# The View



## ratmist (May 24, 2007)

We don't get "The View" broadcast in the UK, but I grew up in the USA so I tend to follow US blogs on entertainment in America.

So um, can anyone explain to me why Rosie O'Donnell and Elizabeth Hasselbeck are acting like fools on "The View"?  I just saw this huge video and went, "Eh?"  This is supposed to be intelligent, witty women?  This is supposed to be female discussion?  

And since when did Elizabeth Hasselbeck start looking like Buffy, season 5???

http://www.dailymotion.com/video/x22...selcrack-fight

(Sorry about the title - dlisted's Michael K calls Hasselbeck mean names...)


----------



## little teaser (May 24, 2007)

i suppose anytime you have a debate or a topic with (rosie) in the middle its gonna get a lil heated, she seems to know how to push the wrong buttons and view her opinion as the only one that is right, a kinda know it all so to speak.. if someone doesnt agree with her she pushes it farther untill she starts to insults them callling them names like ignorant... i dont know the whole story though i only saw the same clip you did. im not a fan of rosie she annoys the hell out of me.


----------



## MxAxC-_ATTACK (May 24, 2007)

that and Rosie O'donnel is an Idiot. ..just my opinion though.

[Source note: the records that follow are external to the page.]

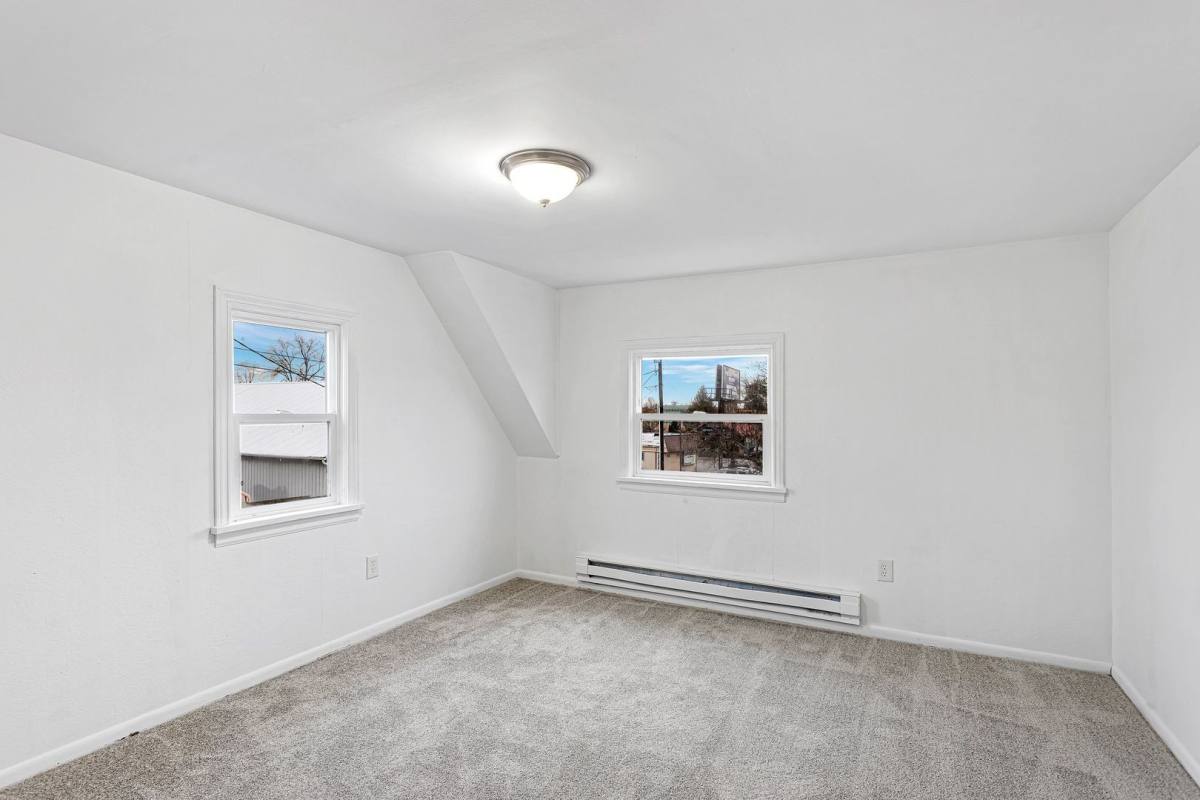Apartment for rent at 1518 7th St, Marysville, WA 98270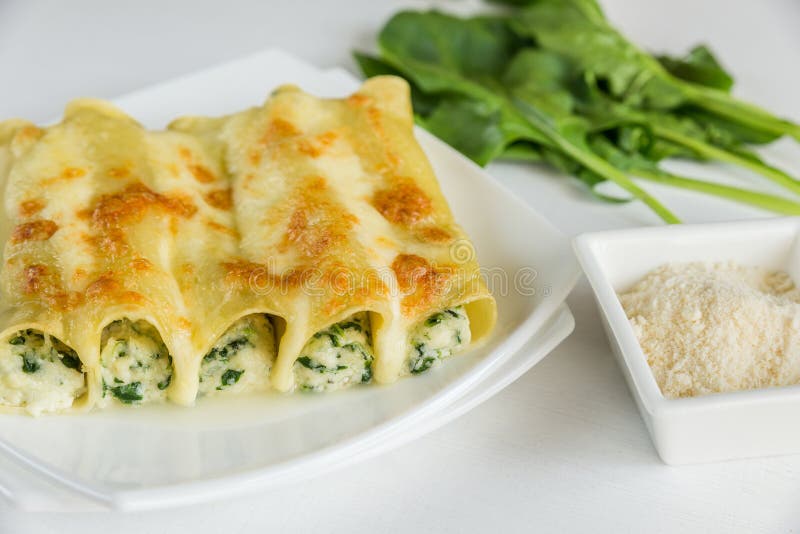 Cannelloni met ricotta en spinazie stock foto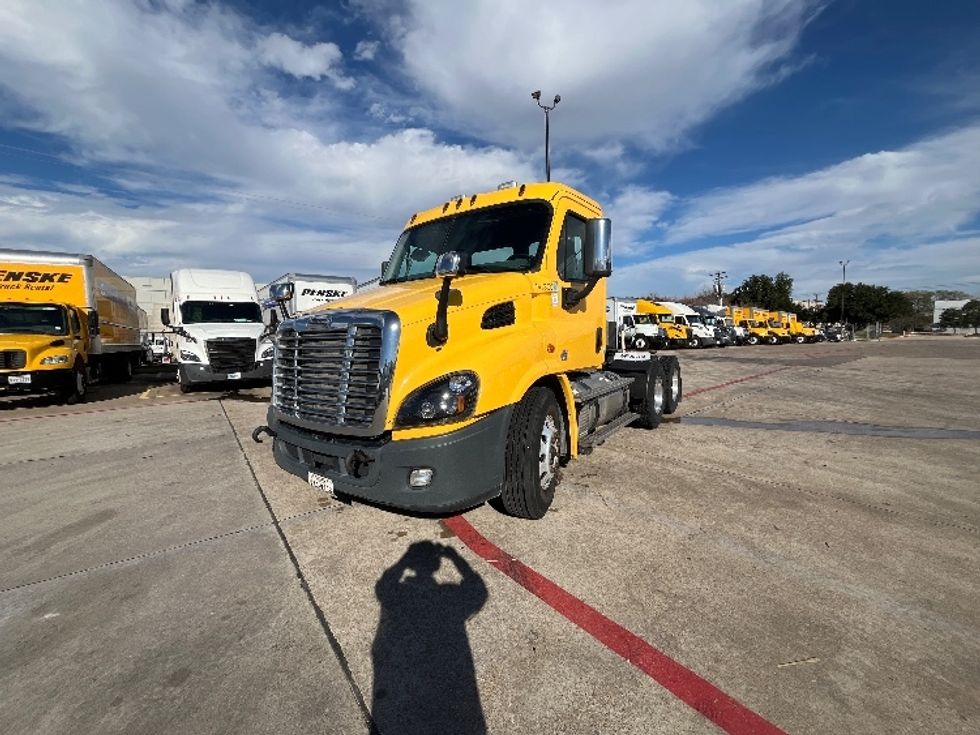 Day Cab Tractor-Heavy Duty Tractors-Freightliner-2018-Cascadia 11364ST-Grand Prairie-TX-769,444\n\t\tmiles-$ 22,750 - Image 3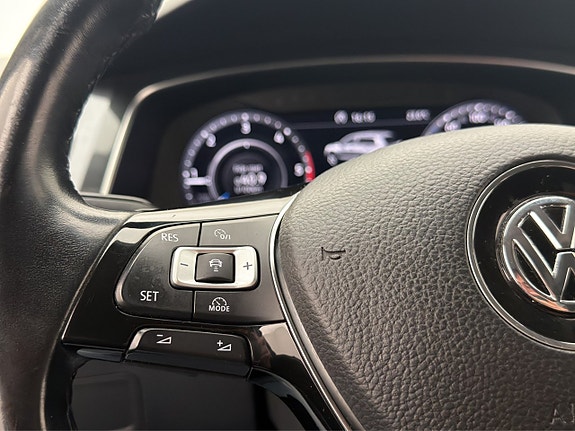 Volkswagen Tiguan Allspace 20 of 30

I can not stand that women. Half the time she just wants a "pity me party"  she needs to shut her mouth , or at least think about what she says instead of spewing it out like vomit. She thinks she knows everything, but she doesn't ,half the time her facts are totally screwed up but she swears by them anyways. She needs to stop talking crap about people.


----------



## coachkitten (May 25, 2007)

I understand that Rosie is passionate about a lot of things but she tends to be really intimidating when she speaks.  I do really like Roise but she has been ranting and raving all year about certain topics and speaking over the other women on the view.  
I was glad that Elisabeth finally stood her ground and gave it right back to Rosie.  However, I don't agree with a lot of what Elisabeth says especially her political views.  
I just hope that Rosie doesn't decided to quit early because of this.  I think that would just be stupid and immature.


----------



## Shimmer (May 25, 2007)

I don't agree with either one of them, but she's spent the past year beating Elizabeth around much to the humor of many a blogger. I was glad to see Elizabeth stand her  ground. 
I loathe Rosie.


----------



## *Stargazer* (May 25, 2007)

Rosie O'Donnell could have the same exact viewpoints as me and I'd still dislike her intensely. She has turned into the biggest bully on tv, IMO. I will be glad to see her leave The View and I don't even watch it. I'm just tired of hearing about her.


----------



## *Stargazer* (May 25, 2007)

And ABC has just announced that Rosie isn't coming back to The View after her day off today. Good riddance.


----------



## Shimmer (May 25, 2007)

hahahhaahhahahahaHAAHAHHAHAAA 
She'll play it like it was her doing too, saying she doesn't have to take it anymore.
She crossed the line, whether she chooses to admit that or not.


----------



## MxAxC-_ATTACK (May 25, 2007)

Quote:

   Originally Posted by *Shimmer* 

 
_hahahhaahhahahahaHAAHAHHAHAAA _

 
ditto!


----------



## CaraAmericana (May 25, 2007)

OT - I like the dress Elizabeth was wearing. She looked very pretty. DO you think she had MAC on?? And Rosie looked.......well, Elizabeth looked pretty.


----------



## GreekChick (May 25, 2007)

I hate hate hate when she cuts people off. Ever notice how she doesn't let anyone speak? Rosie seems very stubborn and expresses her opinions in a vulgar tone.


----------



## MAC_Whore (May 26, 2007)

Rosie is atrocious.  She is like a damn bulldog.  Loud, aggressive and is going to make a point of force.  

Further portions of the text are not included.